Obama’s Budget Plan Is More Like a Wish List

Despite its massive tax increases, the President’s 2011 Budget Plan contains a number of revenue provisions calculated to encourage business expansion and move the economy upward.

“The extension of the liberal depreciation rules that expired at the end of last year will help the economy,” said Lewis Taub, tax director at RSM McGladrey’s New York office. “Specifically, the budget proposes to extend both bonus depreciation and the increase in expensing for small business. This is intended to encourage investment by business in property to expand plants and add equipment. The more you expand, the more you need to hire someone to run the equipment.”

For tax years 2008 and 2009, the maximum Section 179 deduction was increased from $125,000 to $250,000. Without the extension, qualifying property placed in service after 2010 would be limited to the pre-2003 limit of $25,000 for the maximum deduction. The additional first-year 50 percent bonus depreciation also expired at the end of last year, but would be extended for a year.

“This is all designed as an incentive for businesses to grow and invest in themselves, which will lead to more hiring,” said Taub.

Likewise, the proposed extension of the more favorable depreciation treatment for leasehold improvements should encourage businesses to expand, Taub added.

“The depreciation period used to be 39 years, but it was shortened to 15 years for 2008 and 2009,” he said. “The proposal keeps the 15-year provision through 2011. This is a way to encourage expanding businesses by reducing their tax.”

Two other provisions are particularly helpful to a recovering economy, Taub observed. “The elimination of capital gains tax on investments in small business stock is an incentive for people to invest in small business. It’s a way of getting more capital into the company.”

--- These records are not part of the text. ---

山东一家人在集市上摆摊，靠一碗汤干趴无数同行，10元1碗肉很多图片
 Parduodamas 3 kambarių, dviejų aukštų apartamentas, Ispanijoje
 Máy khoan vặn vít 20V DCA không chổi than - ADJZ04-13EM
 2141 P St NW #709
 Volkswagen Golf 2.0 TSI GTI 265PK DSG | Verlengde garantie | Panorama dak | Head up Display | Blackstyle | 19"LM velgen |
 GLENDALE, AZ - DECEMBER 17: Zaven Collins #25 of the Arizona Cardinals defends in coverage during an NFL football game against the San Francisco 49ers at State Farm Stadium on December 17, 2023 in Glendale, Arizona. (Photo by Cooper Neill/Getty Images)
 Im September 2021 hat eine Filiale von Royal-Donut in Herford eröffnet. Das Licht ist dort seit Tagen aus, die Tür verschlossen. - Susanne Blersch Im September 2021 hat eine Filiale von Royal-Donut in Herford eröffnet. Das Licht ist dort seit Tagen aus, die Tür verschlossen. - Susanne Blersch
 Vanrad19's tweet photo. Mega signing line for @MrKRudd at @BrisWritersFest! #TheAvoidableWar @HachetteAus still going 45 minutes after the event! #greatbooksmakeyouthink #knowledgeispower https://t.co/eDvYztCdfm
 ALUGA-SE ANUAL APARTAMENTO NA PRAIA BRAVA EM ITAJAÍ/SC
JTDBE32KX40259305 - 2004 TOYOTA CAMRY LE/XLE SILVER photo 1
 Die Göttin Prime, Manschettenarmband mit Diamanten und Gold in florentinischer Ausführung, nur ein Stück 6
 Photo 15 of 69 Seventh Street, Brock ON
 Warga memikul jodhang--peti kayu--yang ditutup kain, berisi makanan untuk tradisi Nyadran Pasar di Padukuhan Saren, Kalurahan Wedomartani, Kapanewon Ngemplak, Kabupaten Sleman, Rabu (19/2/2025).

Under the proposal, the percentage exclusion for qualified small business stock sold by an individual or other non-corporate taxpayer would be increased permanently to 100 percent and the alternative minimum tax preference would be eliminated.

“And making the research credit permanent would remove some of the uncertainty in long-range planning for research activities,” he said. “Whenever the credit expires, everyone thinks it will be extended, but no one knows until Congress actually gets it done. If it’s made permanent, people not only get to keep their jobs, but additional people will be hired.”

Even with the number of tax cuts for business, the budget proposals don’t impress George Pieler, a Washington-based tax attorney and former tax counsel to the Senate Finance Committee.

“It shouldn’t get any credit for tiny tax cuts in the fact of such massive tax increases,” he said. “When you net it out, it doesn’t get a passing grade.”

“Just before the budget was proposed, President Obama asked for, and the Senate passed, a revival of the PayGo law. It requires that any policy change that might lose revenue has to be offset dollar for dollar, so that already rules out the possibility that there would be net tax cuts,” he said. (This is in contrast to the Congressional PayGo rule, which is frequently waived.)

But the budget is nothing more than a compendium of proposals the Administration hopes to bring up during the year, Pieler noted. “The House and Senate are supposed to propose their own budget and agree on one, but for the most part it’s not a binding document,” he said. “It’s a blueprint, and they may or may not pass legislation reflecting it. It gives some constraint on either side to work within, and Congress generally at least gives lip service to the budget it adopts.”